In May, the Constitutional Union Party, which consisted of conservative former Whigs, Know Nothings, and pro-Union Democrats nominated John Bell of Tennessee for President. This short-lived party denounced sectionalism and tried to rally support around a platform that supported the Constitution and the Union. Meanwhile, the Republican Party nominated Abraham Lincoln on the third ballot.

The 1860 election revealed how divided the country had become. There were actually two separate sectional campaigns: one in the North, pitting Lincoln against Douglas, and one in the South between Breckinridge and Bell. Only Stephen Douglas mounted a truly national campaign. The Republicans did not campaign in the South and Lincoln’s name did not appear on the ballot in ten states.

In the final balloting, Lincoln won only 39.9 percent of the popular vote, but received 180 Electoral College votes, 57 more than the combined total of his opponents. He failed to receive a single electoral college vote in the South.


Historical Debates

America’s Worst Presidents

Academic historians consistent rank Franklin Pierce and James Buchanan as among the United States’s worst presidents. Pierce was president when two of the most divisive initiatives in U.S. history took place: Enactment of the Kansas-Nebraska Act, which repealed the Missouri Compromise and revived the slavery issue in American politics, and the Ostend Manifesto, advocating the U.S. annexation of Cuba, which had tens of thousands of slaves, from Spain. 

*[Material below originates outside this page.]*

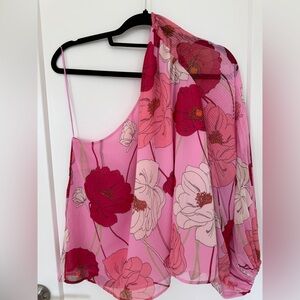 Express Pink Floral one shoulder blouse L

Buchanan, in turn, was a weak leader, whose inactions helped to intensify sectional tensions and did little to oppose secession of the Southern states.  He meddled in the Supreme Court’s Dred Scott decision, which denied that African-Americans were citizens, mistakenly believing the case would settle the slavery issue.  He also urged Congress to support a pro-slavery government in Kansas that did not have broad support among Kansas’s settlers.

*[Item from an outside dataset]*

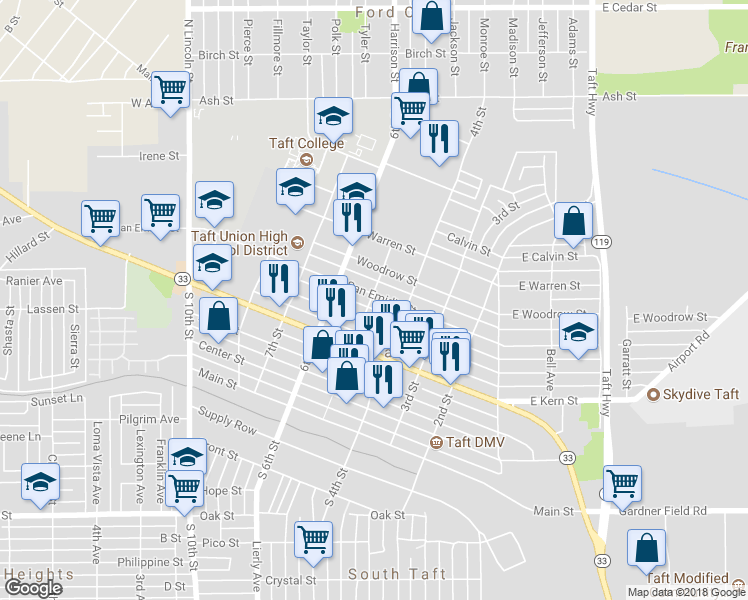 map of restaurants, bars, coffee shops, grocery stores, and more near 516 5th Street in Taft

Worse yet, he considered secession illegal and unwise, but declared that the federal government could not legally prevent the Southern states from leaving the Union. In taking this position, he violated his pledge to protect the U.S. Constitution. In his State of the Union address, he laid out his reasoning: “All for which the slave States have ever contended, is to be let alone and permitted to manage their domestic institutions in their own way. As sovereign States, they, and they alone, are responsible before God and the world for the slavery existing among them. For this the people of the North are not more responsible and have no more fight to interfere than with similar institutions in Russia or in Brazil.”

Nor did Buchanan prevent the shipment of arms and other supplies to the Southern states or reinforce federal installations in the region.  He failed to avert the worst crisis in American history.